After 9 years of working toward this moment, Butler was silent. He closed his eyes for several minutes, then looked back at the computer screen. The signal was still there. He did this several times to make sure that the signal did not vanish. In the absolute quiet of a New Years eve Sunday morning he sat for the next hour looking at the signal. For a long time he had the sense that Johannes Kepler was standing over his shoulder, looking at the same signal.
Over the next two weeks the case for a planet around 47 UMa firmed up. Butler solved the problem for putting together the pre-fix and post-fix data. The improved precision of the post-fix data sat on the pre-fix planet prediction like pearls on a string.

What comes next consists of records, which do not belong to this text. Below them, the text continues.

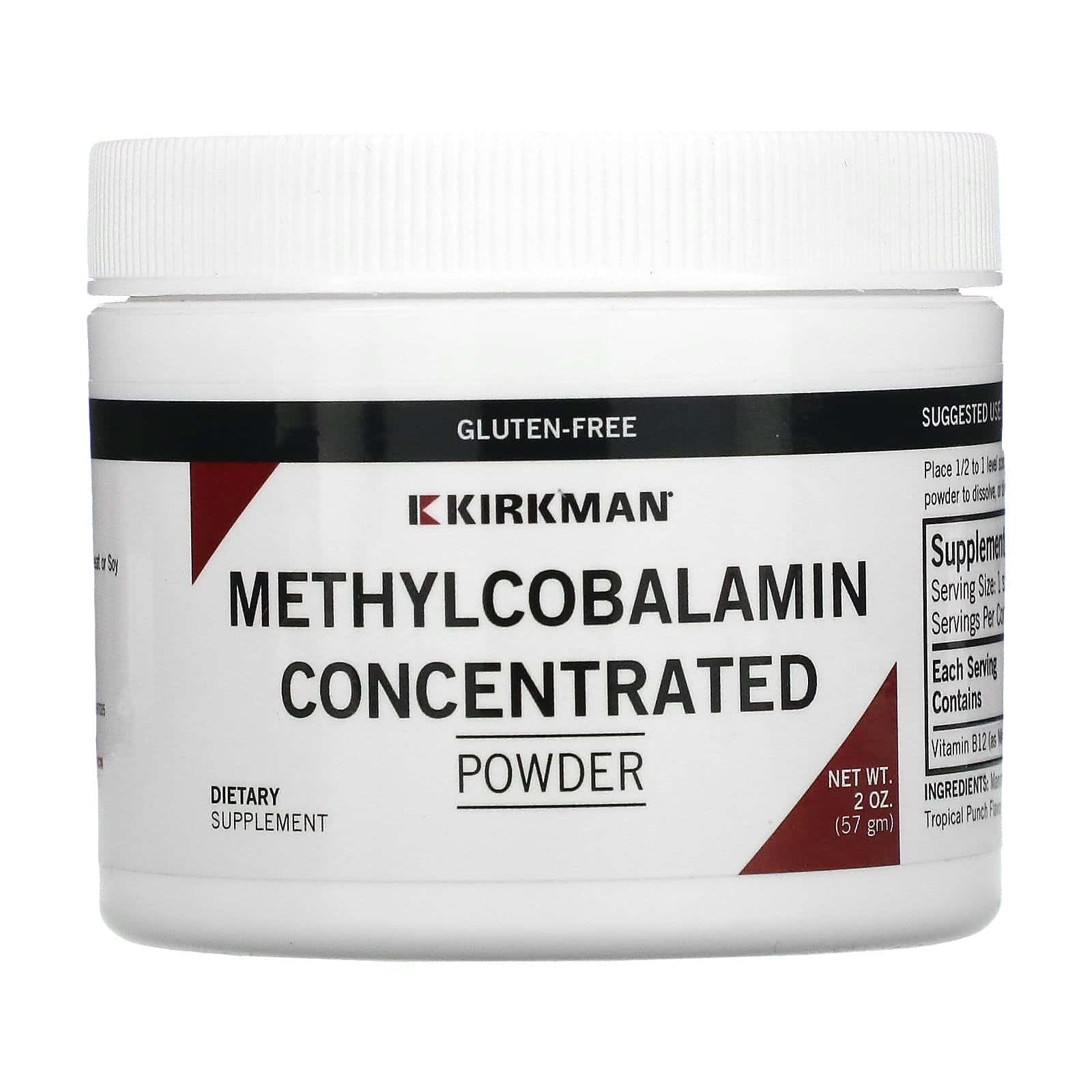 Kirkman Labs, Metilcobalamina concentrado en polvo, 2 oz (57 g)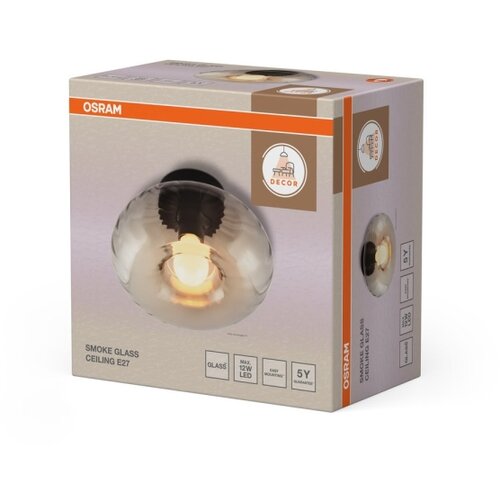 Osram plafonsko svetlo decor smoke 1xE27/12W/230V, prečnik 28 cm, crna/dimljeno-siva Slike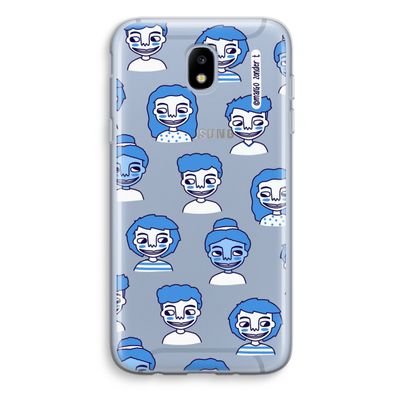 Gezichtjes: Samsung Galaxy J5 (2017) Transparant Hoesje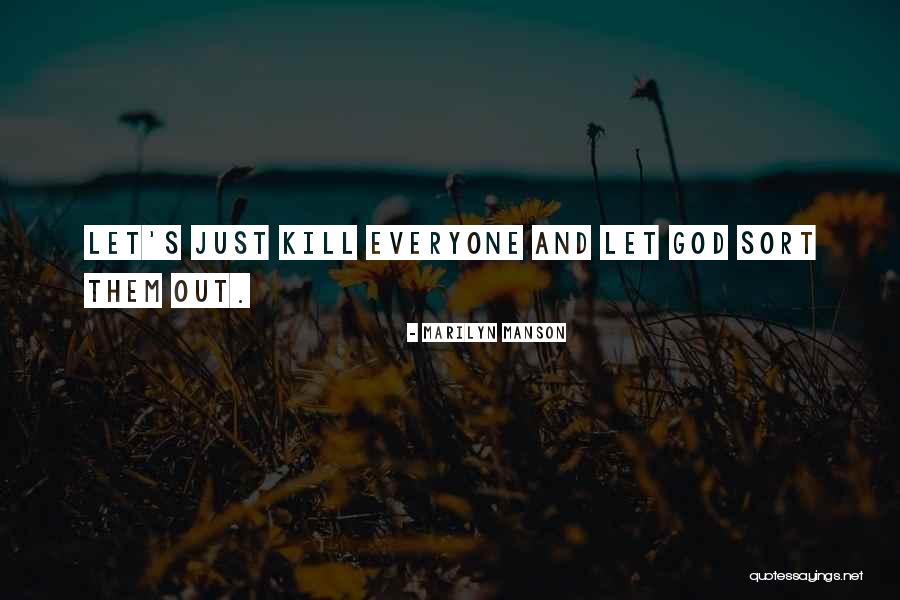 Letting Go And Letting God Quotes By Marilyn Manson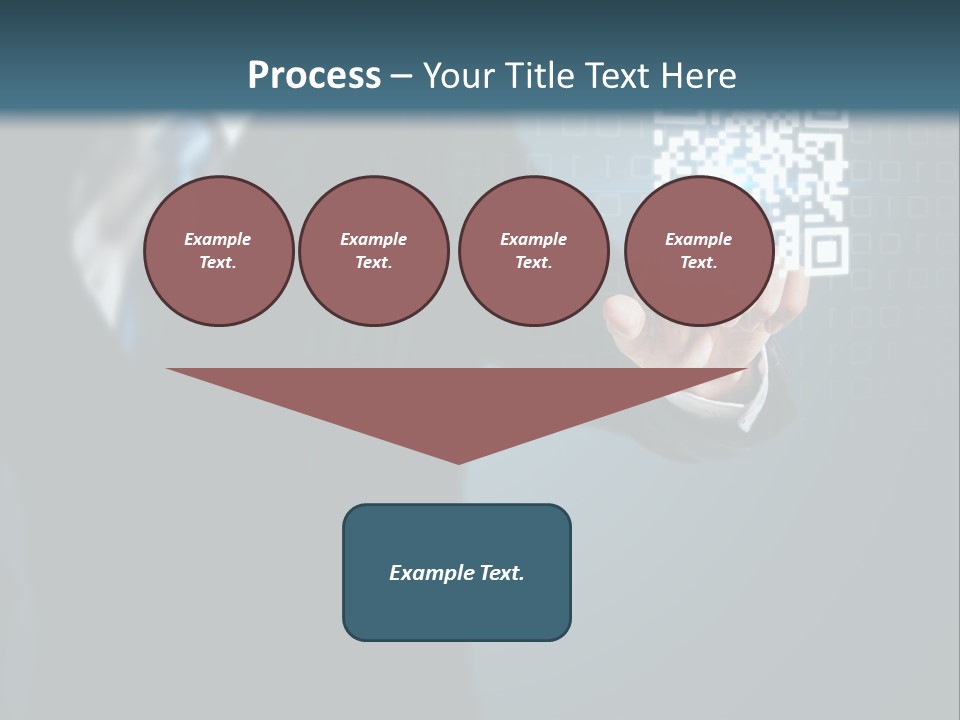 Background Person Gadget PowerPoint Template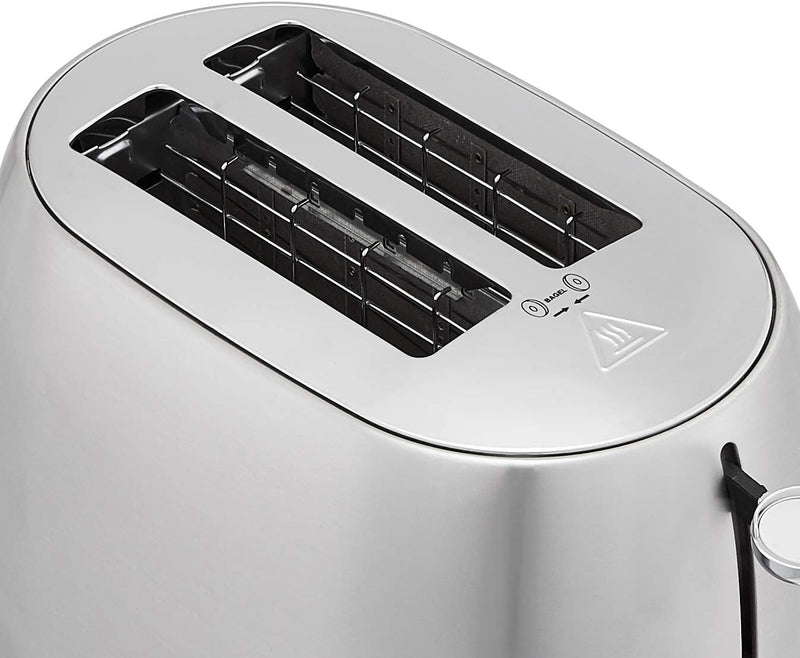 2 Slot Toaster with 6 Browning Settings and Removable Crumb Trays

Marcy and Butler announed the planets around 70 Vir and 47 UMa at the winter meeting of the American Astronomical Society San Antonio Texas on January 17, 1996. The story received significant press coverage, including front page stories in the NY Times, Washington Post, and the cover of Time magazine.
The 70 Vir and 47 UMa papers were submitted to the Astrophysical Journal Letters on January 22 and February 15 respectively.
Over the next 5 months the armada of computers ground through the 9 years of Lick observations. The next 4 planets quickly emerged, including the planets around rho 1 Cnc, tau Boo, nu And, and 16 Cyg B.
M (red) dwarf stars have a mass range from one-tenth to one-half of the Sun. They compose about 70% of all stars. They are intrinsically faint, less than 2% of the Sun’s luminosity. The lifetime of these stars are many times longer than the age of the universe, making them effectively immortal. The Lick planet search program announced the first planet to orbit an M dwarf star in 1998. The first planet discovered to orbit GJ 876 has a mass of 2.1 Mjup and an orbital period of 61 d.
In 1999 the Lick Planet Search Program announced the discovery of the first multiple planet system orbing HD9236 (nu Andromedae). This remarkable system includes gas giant planets in 4.6d, 242d, and 1269d orbits.